#### INPUT DATA ####
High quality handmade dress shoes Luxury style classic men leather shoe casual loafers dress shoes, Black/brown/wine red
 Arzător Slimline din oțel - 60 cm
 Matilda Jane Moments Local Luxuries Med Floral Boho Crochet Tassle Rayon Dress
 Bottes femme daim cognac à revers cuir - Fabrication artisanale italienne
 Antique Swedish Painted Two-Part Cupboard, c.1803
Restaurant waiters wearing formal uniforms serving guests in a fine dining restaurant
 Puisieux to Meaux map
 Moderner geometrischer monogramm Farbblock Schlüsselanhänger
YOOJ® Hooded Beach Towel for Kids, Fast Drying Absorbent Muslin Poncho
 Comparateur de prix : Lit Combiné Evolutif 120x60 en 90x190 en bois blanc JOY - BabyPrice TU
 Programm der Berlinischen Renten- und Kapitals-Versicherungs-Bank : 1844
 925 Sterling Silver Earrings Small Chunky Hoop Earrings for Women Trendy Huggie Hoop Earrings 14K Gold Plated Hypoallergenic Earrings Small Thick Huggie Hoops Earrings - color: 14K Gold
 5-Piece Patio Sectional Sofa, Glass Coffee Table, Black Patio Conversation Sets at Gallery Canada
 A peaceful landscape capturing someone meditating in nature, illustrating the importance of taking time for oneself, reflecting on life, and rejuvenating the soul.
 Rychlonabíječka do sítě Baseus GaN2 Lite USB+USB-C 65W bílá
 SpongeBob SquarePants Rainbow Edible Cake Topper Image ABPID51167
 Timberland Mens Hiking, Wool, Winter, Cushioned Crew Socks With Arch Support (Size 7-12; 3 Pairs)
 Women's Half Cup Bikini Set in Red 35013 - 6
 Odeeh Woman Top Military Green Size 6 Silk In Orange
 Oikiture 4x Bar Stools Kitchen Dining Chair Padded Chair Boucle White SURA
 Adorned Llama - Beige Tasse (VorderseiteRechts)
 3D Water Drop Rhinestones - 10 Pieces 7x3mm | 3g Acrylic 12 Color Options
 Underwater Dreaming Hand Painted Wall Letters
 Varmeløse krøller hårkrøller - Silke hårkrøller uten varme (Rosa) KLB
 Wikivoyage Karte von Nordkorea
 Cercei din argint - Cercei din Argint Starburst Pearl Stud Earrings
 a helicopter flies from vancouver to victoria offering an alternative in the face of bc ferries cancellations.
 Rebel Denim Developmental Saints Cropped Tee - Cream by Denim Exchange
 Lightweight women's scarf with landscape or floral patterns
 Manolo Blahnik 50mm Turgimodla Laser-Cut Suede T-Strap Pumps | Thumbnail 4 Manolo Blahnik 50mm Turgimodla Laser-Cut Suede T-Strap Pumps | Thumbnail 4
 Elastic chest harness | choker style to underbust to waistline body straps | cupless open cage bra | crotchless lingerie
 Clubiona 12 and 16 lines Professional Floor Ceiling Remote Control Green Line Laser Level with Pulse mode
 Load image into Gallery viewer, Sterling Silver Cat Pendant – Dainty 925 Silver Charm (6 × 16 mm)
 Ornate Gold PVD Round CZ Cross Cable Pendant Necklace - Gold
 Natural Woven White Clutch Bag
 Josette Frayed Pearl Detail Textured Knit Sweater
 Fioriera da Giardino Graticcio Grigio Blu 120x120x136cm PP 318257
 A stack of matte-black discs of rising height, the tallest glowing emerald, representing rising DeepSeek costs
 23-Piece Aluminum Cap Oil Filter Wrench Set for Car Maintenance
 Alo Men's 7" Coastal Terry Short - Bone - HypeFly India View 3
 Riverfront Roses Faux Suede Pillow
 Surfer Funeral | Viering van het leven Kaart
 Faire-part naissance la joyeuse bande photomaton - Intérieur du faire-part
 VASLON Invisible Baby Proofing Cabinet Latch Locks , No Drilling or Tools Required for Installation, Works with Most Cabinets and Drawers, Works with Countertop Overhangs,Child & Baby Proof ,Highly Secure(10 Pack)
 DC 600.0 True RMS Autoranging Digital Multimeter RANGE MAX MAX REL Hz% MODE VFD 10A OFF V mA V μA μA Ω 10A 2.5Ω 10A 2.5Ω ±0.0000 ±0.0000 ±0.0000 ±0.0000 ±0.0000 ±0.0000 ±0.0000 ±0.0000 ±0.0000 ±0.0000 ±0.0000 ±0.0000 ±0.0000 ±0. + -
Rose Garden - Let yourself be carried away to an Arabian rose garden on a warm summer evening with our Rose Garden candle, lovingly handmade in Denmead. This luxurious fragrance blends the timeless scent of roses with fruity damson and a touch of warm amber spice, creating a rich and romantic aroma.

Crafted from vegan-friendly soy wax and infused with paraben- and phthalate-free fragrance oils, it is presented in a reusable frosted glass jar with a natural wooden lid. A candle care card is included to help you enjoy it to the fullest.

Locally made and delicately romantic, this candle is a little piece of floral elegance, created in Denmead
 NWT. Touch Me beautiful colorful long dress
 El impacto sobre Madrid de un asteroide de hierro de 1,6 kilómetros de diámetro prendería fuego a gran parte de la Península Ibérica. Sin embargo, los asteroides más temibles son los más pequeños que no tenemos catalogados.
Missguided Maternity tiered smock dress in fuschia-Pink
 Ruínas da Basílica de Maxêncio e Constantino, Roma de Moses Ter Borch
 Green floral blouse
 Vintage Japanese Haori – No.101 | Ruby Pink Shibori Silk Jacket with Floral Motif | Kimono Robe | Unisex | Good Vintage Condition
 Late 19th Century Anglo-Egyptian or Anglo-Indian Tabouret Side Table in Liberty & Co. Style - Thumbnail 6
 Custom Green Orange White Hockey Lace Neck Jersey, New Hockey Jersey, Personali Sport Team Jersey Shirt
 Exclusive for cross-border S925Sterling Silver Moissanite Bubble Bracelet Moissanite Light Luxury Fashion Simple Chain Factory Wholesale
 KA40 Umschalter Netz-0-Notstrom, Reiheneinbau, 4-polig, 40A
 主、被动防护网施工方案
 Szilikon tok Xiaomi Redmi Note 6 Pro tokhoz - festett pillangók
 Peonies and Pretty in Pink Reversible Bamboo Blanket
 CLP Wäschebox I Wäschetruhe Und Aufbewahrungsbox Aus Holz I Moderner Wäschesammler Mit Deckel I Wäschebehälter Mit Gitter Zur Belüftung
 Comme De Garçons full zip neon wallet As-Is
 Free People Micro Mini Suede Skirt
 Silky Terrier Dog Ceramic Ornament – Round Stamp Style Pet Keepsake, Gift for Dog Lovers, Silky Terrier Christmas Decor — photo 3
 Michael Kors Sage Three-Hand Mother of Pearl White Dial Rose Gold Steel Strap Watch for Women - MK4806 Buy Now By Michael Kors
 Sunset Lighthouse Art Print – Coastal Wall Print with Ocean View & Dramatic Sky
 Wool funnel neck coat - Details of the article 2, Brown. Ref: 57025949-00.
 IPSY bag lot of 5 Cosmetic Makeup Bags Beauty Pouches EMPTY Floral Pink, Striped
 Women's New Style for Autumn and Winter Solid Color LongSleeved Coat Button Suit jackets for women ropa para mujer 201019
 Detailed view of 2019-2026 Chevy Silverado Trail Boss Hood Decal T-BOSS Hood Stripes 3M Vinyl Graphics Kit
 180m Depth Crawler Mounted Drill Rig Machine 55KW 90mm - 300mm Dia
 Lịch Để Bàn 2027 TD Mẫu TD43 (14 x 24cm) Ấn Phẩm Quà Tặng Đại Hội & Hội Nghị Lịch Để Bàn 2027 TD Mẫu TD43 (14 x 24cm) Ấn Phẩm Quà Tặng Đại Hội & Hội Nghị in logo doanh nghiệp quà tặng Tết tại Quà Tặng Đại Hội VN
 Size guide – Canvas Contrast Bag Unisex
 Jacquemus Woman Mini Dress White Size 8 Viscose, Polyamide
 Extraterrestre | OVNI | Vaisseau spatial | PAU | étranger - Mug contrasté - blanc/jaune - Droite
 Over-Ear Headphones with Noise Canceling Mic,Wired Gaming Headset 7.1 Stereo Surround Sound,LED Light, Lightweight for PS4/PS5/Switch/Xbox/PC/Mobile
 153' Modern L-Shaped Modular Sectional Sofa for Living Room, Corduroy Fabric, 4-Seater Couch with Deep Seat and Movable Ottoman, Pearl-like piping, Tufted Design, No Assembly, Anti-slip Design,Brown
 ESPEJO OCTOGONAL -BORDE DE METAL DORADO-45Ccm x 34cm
####
**WHAT IS BEING ASKED**
All that is needed is the exact run of lines above from the line containing "Detailed view of" through the line containing "180m Depth Crawler", both of them included.

**FINISHED EXERCISE**
 Detailed view of 2019-2026 Chevy Silverado Trail Boss Hood Decal T-BOSS Hood Stripes 3M Vinyl Graphics Kit
 180m Depth Crawler Mounted Drill Rig Machine 55KW 90mm - 300mm Dia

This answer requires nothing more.